Monday, August 15, 2011

Book Review: The Help


One of my Facebook/blogging/real life buddies posted she had just finished reading "The Help" and had loved it. Before her rave, I had about zero interest in either the book or the movie. It wasn't that the subject was not compelling -- an exploration of the relationships between african american domestics and their employers in the deep south during the cusp of the civil rights movement. It was the fact I generally shy away from secular modern literature. There is very often too little truly good literature written today, in my opinion.

This was the first book I've read cover-to-cover on my iPad, which I've owned for just over a year. I just haven't been able to adapt to reading without an actual book in my hands that has actual pages to turn, but I was finally so intrigued by the idea of this novel, I couldn't wait for it to come in the mail. You've got to love the instant gratification of downloading a book and being able to dive into it immediately. Being immensely satisfied by my first iBook experience, I know I'll be reading on my iPad much more frequently!

I loved this book. It was absolutely captivating in its style, characterizations, and plot development. It seems the exploration of the theme was one the author had first hand knowledge of, having been raised by an african american maid, herself, giving the story a genuine feel and plausibility.

The novel weaves its way through the story telling, alternating accounts told by three different characters. First is Skeeter, a young ambitious southern white woman who has just graduated from college with a degree in writing/journalism. Having returned home to find her childhood maid has mysteriously disappeared her eyes are at once opened to the plight of the southern domestic. She approaches the maid of one of her childhood friends asking for answers and then for help in writing a book exposing the increasingly tense relationship between maids and those they serve in Jackson, Mississippi.

Skeeter first approaches maid Abileene for help in answering questions about the disappearance of her family's maid, and then brazenly asks Abileene to tell her story as part of a book project Skeeter decides to undertake. Abileene is the second character given voice in the novel. She is a maid specializing in caring for the children of the household. Having worked in white households for decades, Abileene has seen it all; the good, the bad, and the ugly. She has taken it all in stride, but has also attempted to leave her mark on the white children she has raised with the hope they will be different and will one day be able to look beyond color.

Minny is the third voice for the story. A domestic like Abileene, she has failed at taking it in stride. Her character is mouthy, opinionated, strong and yet incredibly vulnerable. Known as a great cook, her reputation is intentionally ruined by the spiteful, racist president of the Lady's League, and main story antagonist Hilly Holbrook. Minny is relegated to working for the apparently crazy Celia Foote who is too naive or stupid to realize she will never fit in with the proper white ladies of Jackson because of her beginnings as white trash. Fed up with working for a nut and having her reputation ruined, Minny agrees to help Skeeter and Abileene with the book.
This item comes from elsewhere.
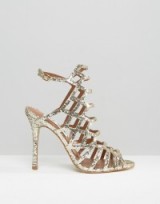 Luxe style evening shoes Steve Madden Slithur Gold Glitter Caged Heeled Sandals ~ luxury looking high heels ~ glamorous footwear ~ occasion glamour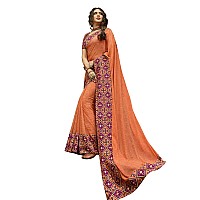 RAJESHWAR FASHION WITH RF Womens Printed Georgette SareeWith Blouse(A40 ORANGE NEW 2_Orange)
The book project is an incredibly dangerous undertaking for all three women. Ostracization, unemployment, and lynching are all risks these three brave women are finally willing to take to make a change in Jackson. It becomes their personal civil rights crusade.

Stylistically this is an easy and enjoyable read. While I normally prefer to not read books containing profanity, this novel did have a fair share, but it wasn't as distracting nor disturbing as I normally find it. I would recommend this book to older high school students and adults due to profanity and adult content and themes.